Etap I – niespodzianka
Za pierwszym razem – poprowadź psa smaczkami tak, żeby wszedł na swoje posłanie. Chcemy mu pokazać co ma zrobić.
Następnie połóż parę smaczków na posłanie, a potem zawołaj psa i pokaż mu co tam leży. Naprowadź go gestem żeby poszedł i znalazł je tam. Gdy wejdzie na posłanie – pochwal, a jak zje smaczki – zwolnij, tj. pozwól mu zejść z legowiska.
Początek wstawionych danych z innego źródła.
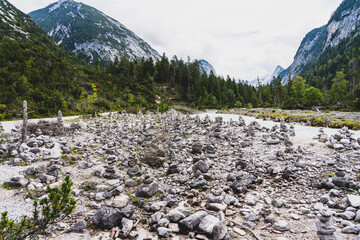 view on isar river and mountains near the isar origin in scharnitz, austria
Ponownie połóż smaczki na posłaniu i zawołaj psa, pokazując mu je. Już będzie wiedział, że warto tam sprawdzić, więc za drugim, trzecim razem sam szybko tam pobiegnie.
Gdy będzie już na samo wskazanie ręką biegł na posłanie – dodaj polecenie „do siebie”. Pamiętaj o zwolnieniu!
Etap II
Gdy kilka razy powtórzysz polecenie wskazując posłanie, a on będzie tam biegł zjeść smaczki – przejdź do drugiego etapu ćwiczenia.
Zacznij ćwiczenie od jednej powtórki w poprzedniej wersji – z niespodzianką, żeby przypomnieć psu polecenie.
Następnie wskaż psu posłanie dając polecenie „do siebie”, ale już bez podrzucania tam smaczków. Gdy pies pobiegnie na posłanie i zacznie ich szukać – szybko podejdź i nagrodź go kilkakrotnie z ręki i zwolnij.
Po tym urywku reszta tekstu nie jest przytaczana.